According to UNAIDS: “These ambitious commitments have brought the AIDS response to another historic juncture.”

Alongside the other 177 paragraphs of the World Summit document this one sadly does not stand out as particularly striking. Similarly, the G8 is good at making ambitious commitments, and this one is not especially “historic” when placed alongside the endless HIV/AIDS promises they have made – and then promptly broken – over the past five years.

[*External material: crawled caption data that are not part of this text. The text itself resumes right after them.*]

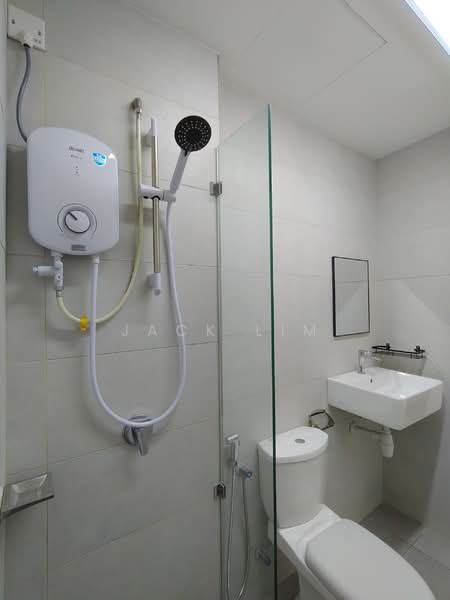 Gravit8, Klang untuk Untuk Disewa - RM 2,400 /bulan, Apr 2026 - Bathroom - PropertyGuru.com.my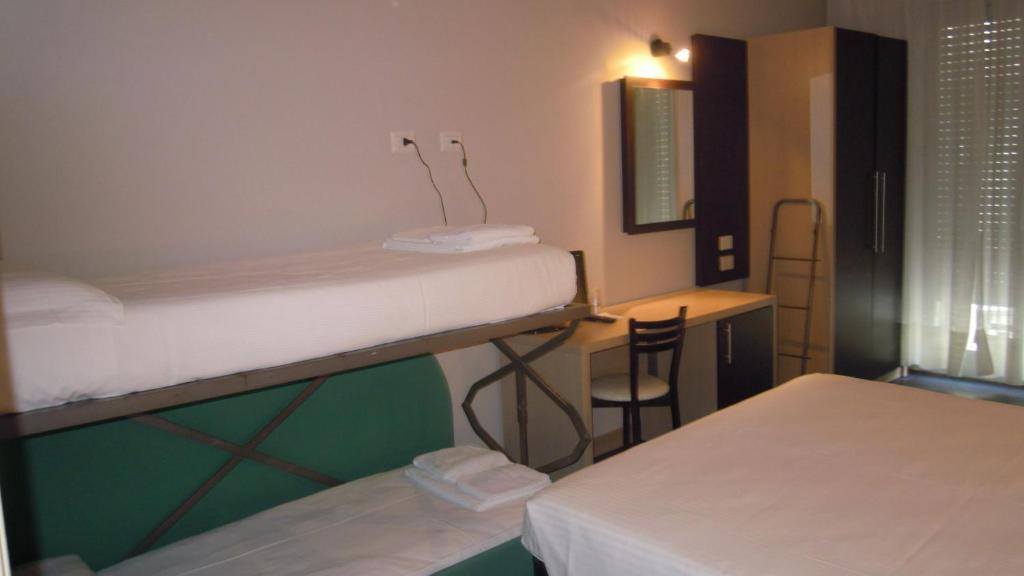 Hotel Aiglon Римини Номер фото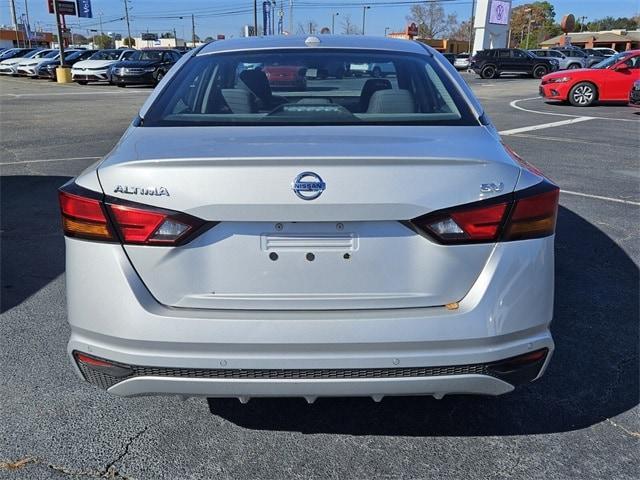 used 2021 Nissan Altima car, priced at $19,224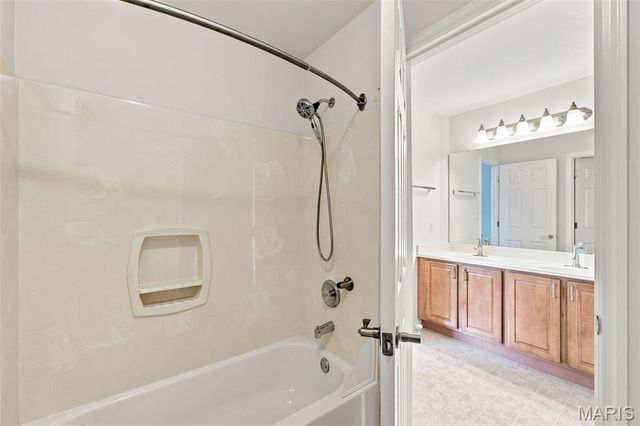 434 Scenic Drive, St Peters, MO 63376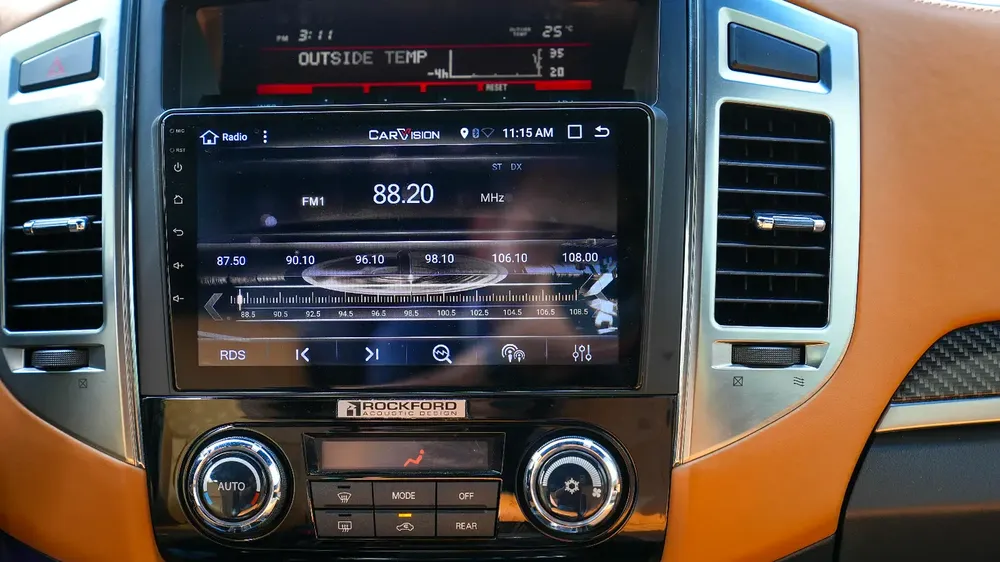 MITSUBISHI PAJERO 2020!! SIGNATURE CONDITION!! GCC SPECS!! WELL MAINTAINED!! 3.8 V6 - Image 8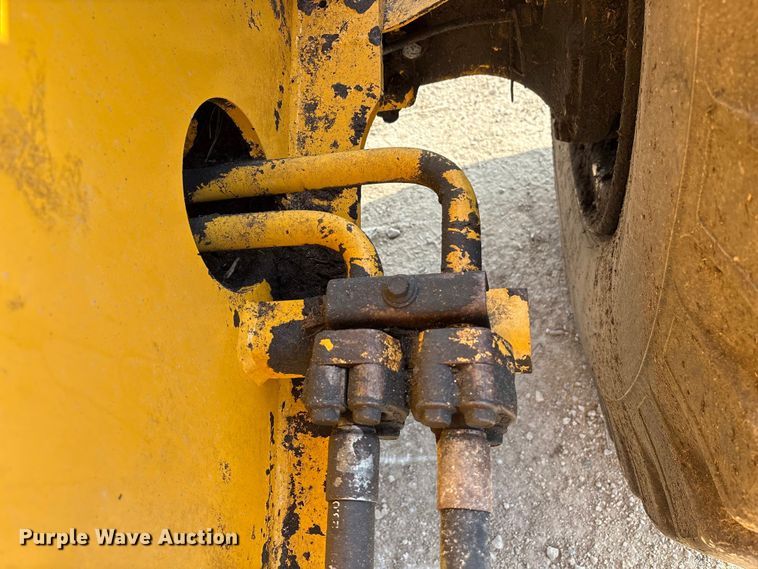 image for item EA7018 2006 Volvo L70E wheel loader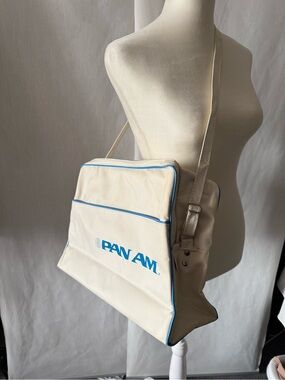 Pan Am White Vintage Shoulder Bag with Blue Trim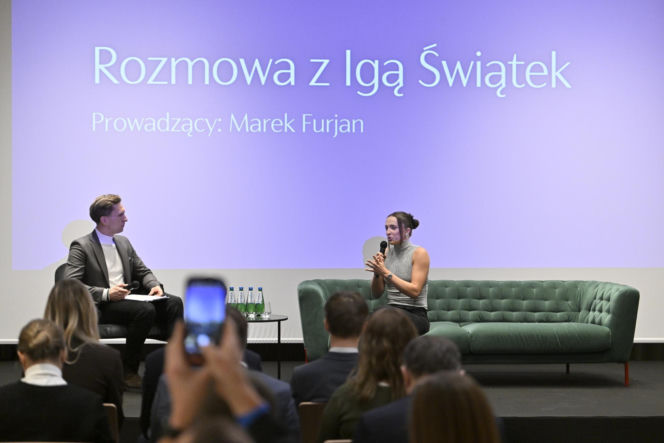 Iga Świątek i Daria Abramowicz na konferencji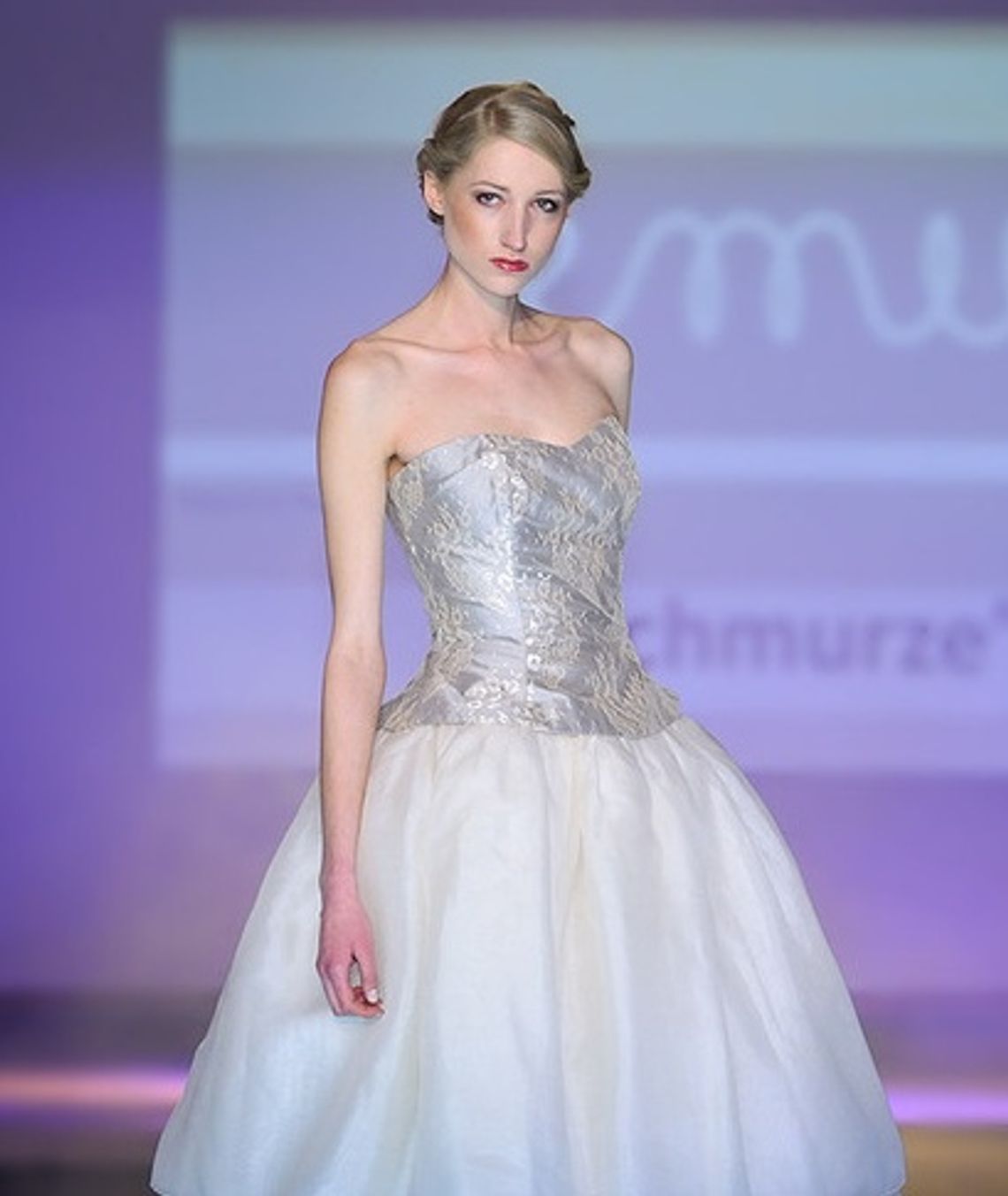 Chodzące piękno na wybiegu Chodzące piękno na wybiegu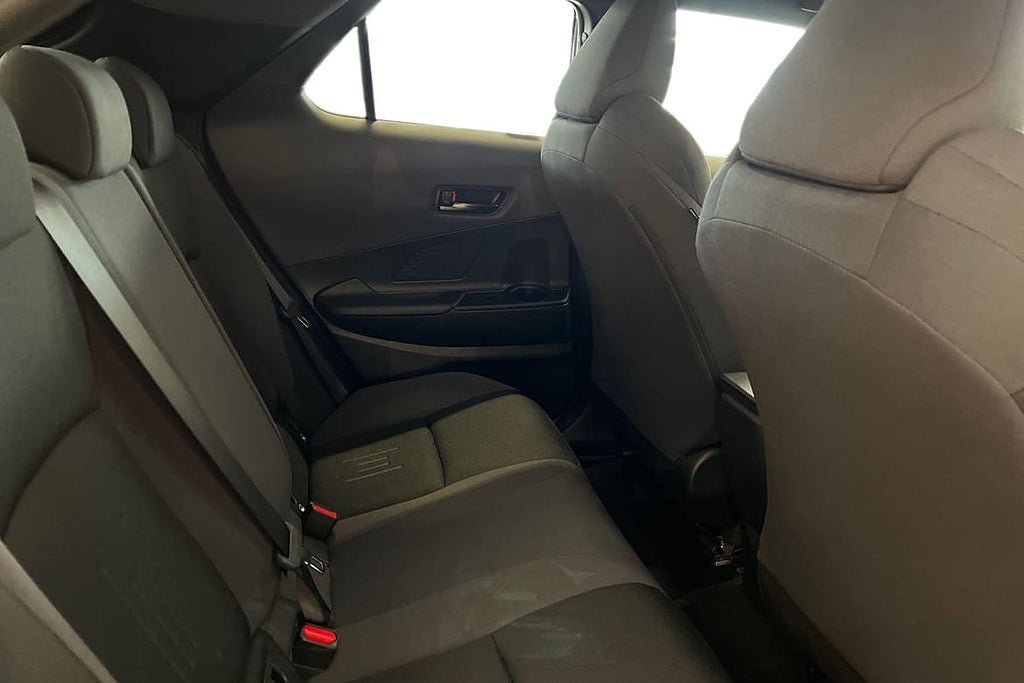 Vehicle Image 7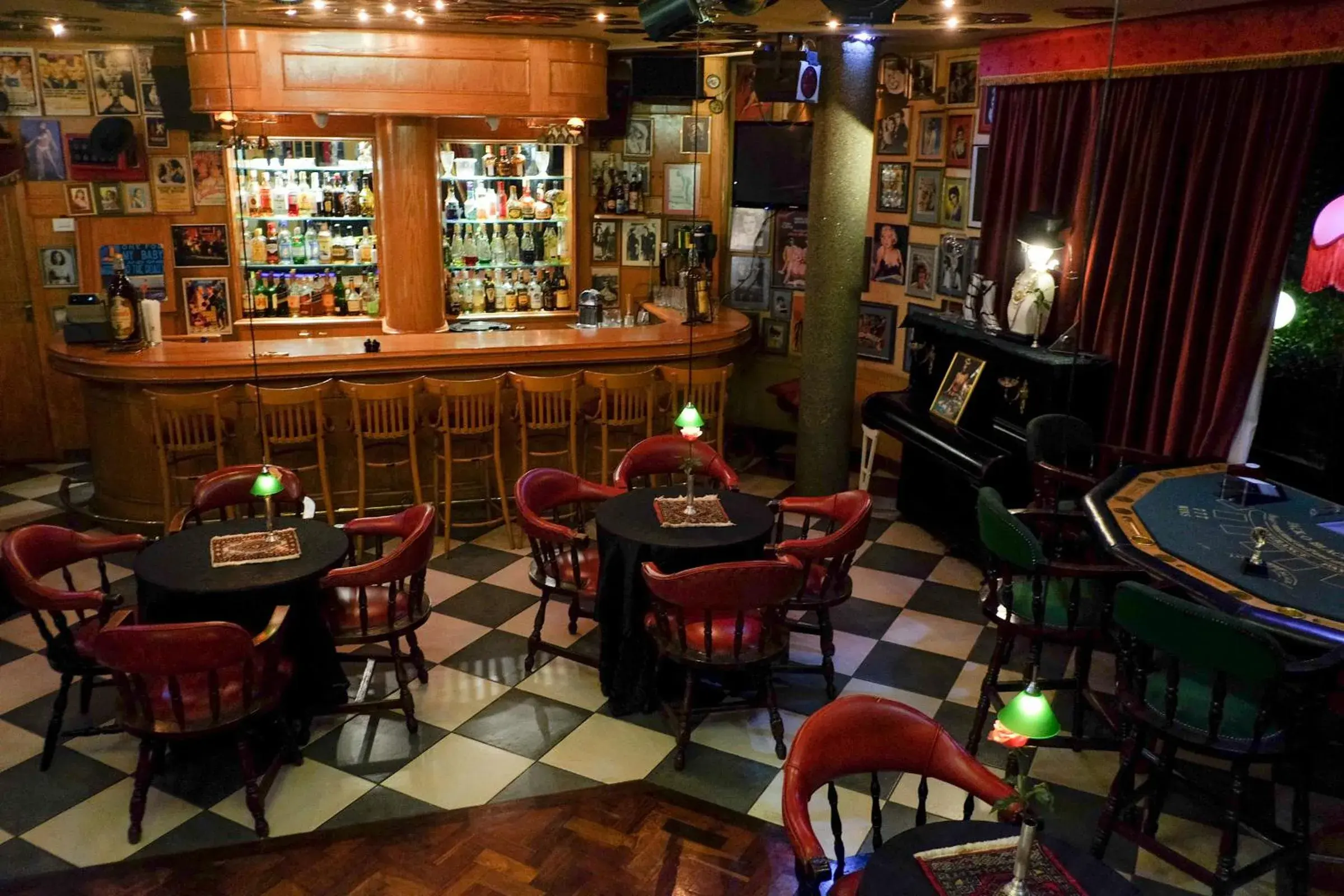 Lounge or bar in Villa Simonne Lounge or bar in Villa Simonne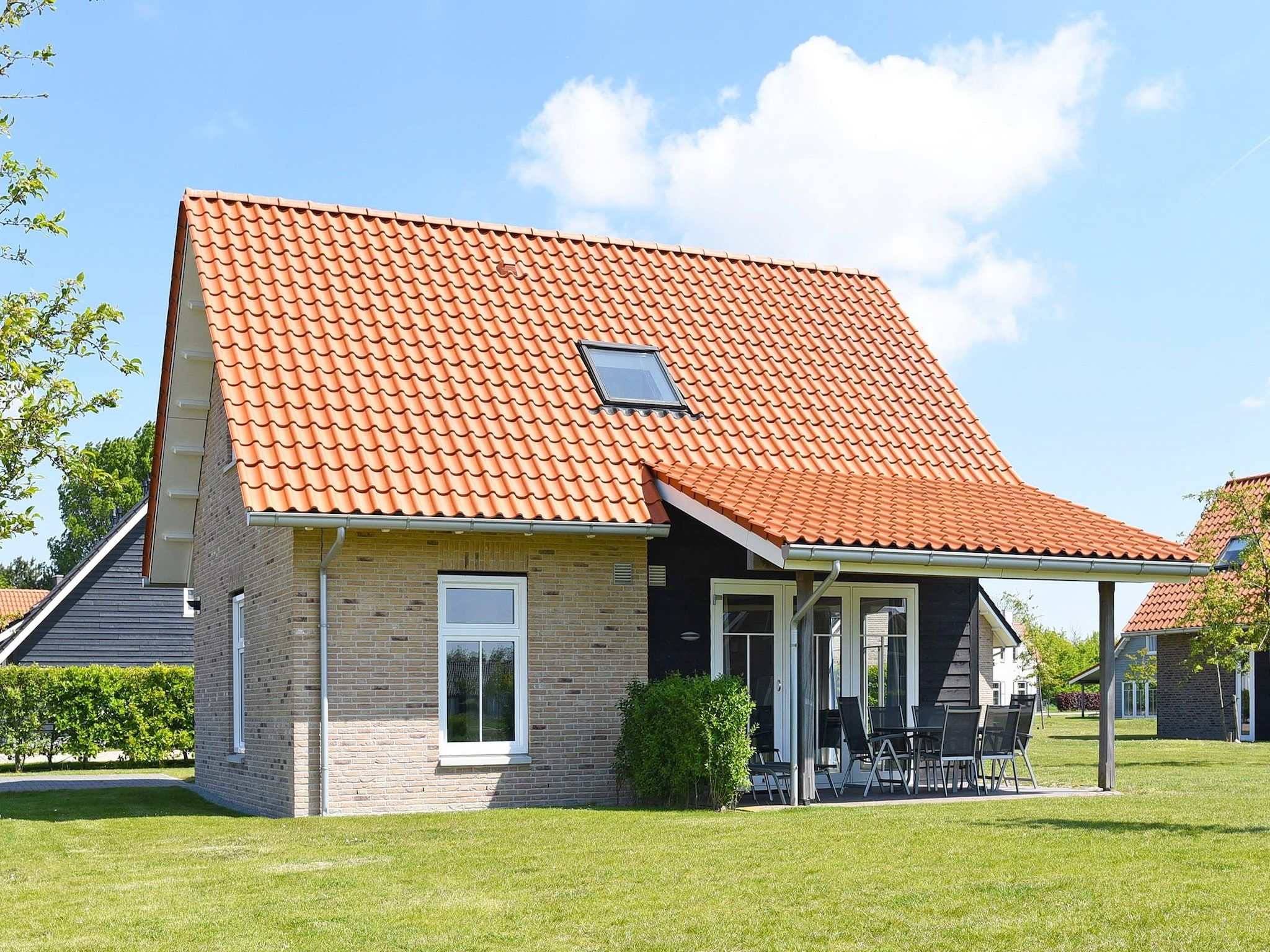 De buitenkant van Strand Resort Nieuwvliet-Bad 10 in Nieuwvliet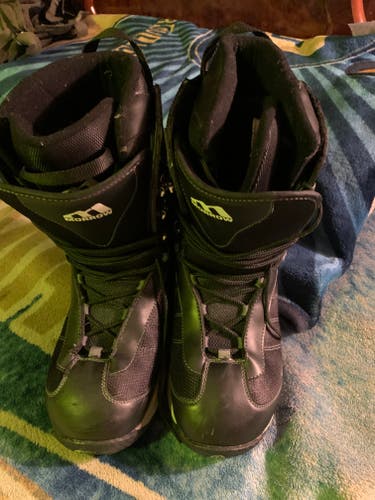 Used Morrow Snowboard Boots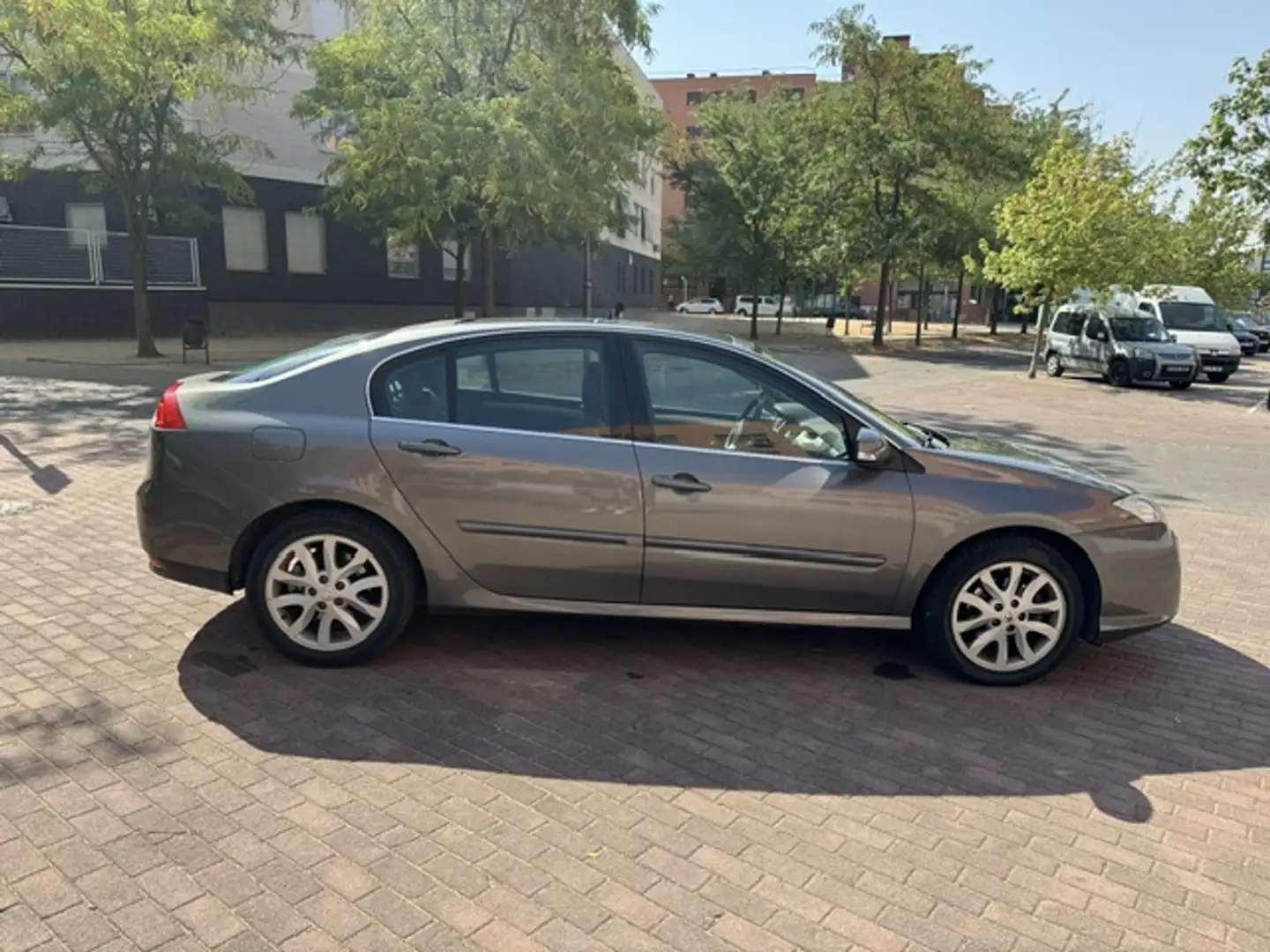 Renault Laguna 2.0dCi Expression Techno 150 - 2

The UN position on universal access is an immense leap of faith, and one that currently trumps the one obvious fact that should actually be bringing the AIDS response to an historic juncture: We are failing to address the epidemic effectively.

Despite popular rhetoric about “knowing what to do about AIDS” we clearly need to learn a lot more before AIDS programmes will reliably provide basic prevention and treatment services to the people who need them.

But even as the ink dried on a late-2005 UN resolution requesting UNAIDS to find out what was preventing ‘universal access’ from being achieved, the agency’s most efficient operation ever was unveiled. Almost overnight, plans were in motion to coordinate over a hundred national consultations, set up seven regional consultations and establish a global steering committee.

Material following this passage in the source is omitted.